Başyücelik Devleti, Necip Fazıl`ın temelini attığı, Salih Mirzabeyoğlu‘nun geliştirdiği İslâmî devlet modelidir. “İslâm’da idare şekli yoktur, idare ruhu vardır” anlayışına dayanarak idealize edilmiştir. Bugüne kadar en çok -örnekleri görüldüğü gibi- sözde İslâmcıları rahatsız etmiştir. Neden? Çünkü sorumluluk yüklüyor. Onlar sorumluluk istemiyorlar, ihale istiyorlar. Onlar zor karşısında dik durmak nedir bilmiyorlar; sıvışmaktan hoşlanıyorlar. (…)

Başyücelik Devleti idealinin en temelden karşı olduğu şey, saltanat. Bununla beraber bir cumhuriyet de değil. İslâmî bir devlet modeli olmak bakımından, iki temel kurguya dayanıyor:

  1. Türk devlet geleneği,
  2. Eflatun’un devlet ideali,

Bunlar belki ilk bakışta kaba sınıflandırmalar, ama içi doldurulunca öyle olmadığı görülüyor: Eski Türk devlet geleneği, hattâ ordusunun adı bile Altun Ordu, ama günümüz Türkçülerinin anladığı anlamda faşist bir devlet değil; federatif bir devlet.

Eflatun, bilindiği gibi, demokrasiyi ve tiranlığı reddeder; aristokrasiyi över. Ve şöyle der: “Devleti en iyiler yönetmelidir“. Ama kendi Devlet kitabında bu anlayışı alıp geliştirmez, başka yönlerde gezinir. İdeali orada kalır.

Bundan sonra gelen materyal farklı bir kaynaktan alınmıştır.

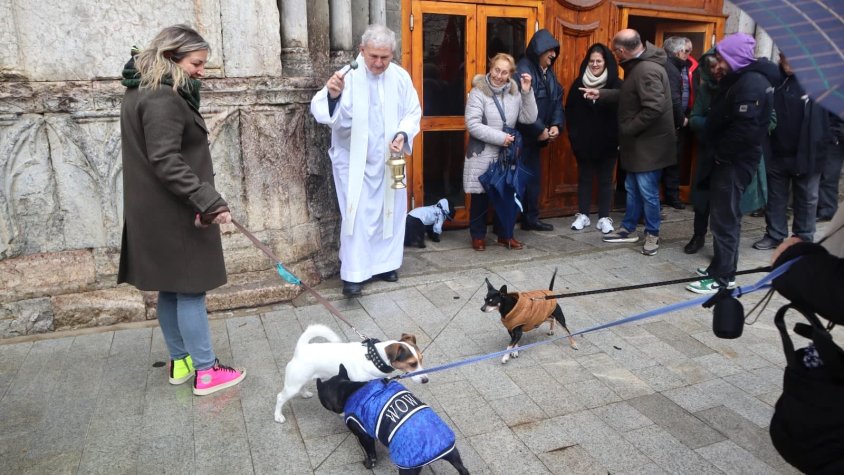 Un dels moments de la celebració: la benedicció dels animals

Necip Fazıl, Eflatun‘un bu –yarım bıraktığı- idealini alarak Aydınlar Aristokrasisi şeklinde formüle eder. Aristokrasi; ama kan aristokrasisi değil, fikir aristokrasisi… Yani, toplumda babadan oğula bir aristokrasi sınıfı yoktur; fikir soyluları sınıfı vardır. Kim idrak bakımından en üstünse, fikir bakımından en ileriyse, o bu sınıftandır. Babası isterse keçi çobanı olsun. Kan kardeşliği değil, fikir kardeşliği; fikir soyluluğu. Hâkimiyetin kendisine istinad edeceği ideal sınıf!

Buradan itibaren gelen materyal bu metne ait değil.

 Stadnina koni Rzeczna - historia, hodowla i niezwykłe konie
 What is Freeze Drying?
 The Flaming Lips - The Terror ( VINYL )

Başyücelik Devleti’nin bel kemiğini Başyücelik Akademyası oluşturur. Bu akademya üç şubelidir: Fen ve Keşifler Kolu, Edebiyat ve Güzel Sanatlar Kolu, İlim ve Tefekkür Kolu… Bu üç koldan yetişen ve eser veren aydınlar, Başyücelik Akademyası‘na dahil olur.

İkinci aşama: Yüceler Kurultayı‘dır. Bu kurultay, 101 üyeden oluşan bir tür parlamentodur. Ama halk seçimiyle kurulmaz. Ya? Hakk’ın seçtikleri, tutup kaldırdıkları ile inkılab aşamasında tesis olunur ve Başyücelik Akademyası onu idame edici başlıca bir müessese olarak altında kalır.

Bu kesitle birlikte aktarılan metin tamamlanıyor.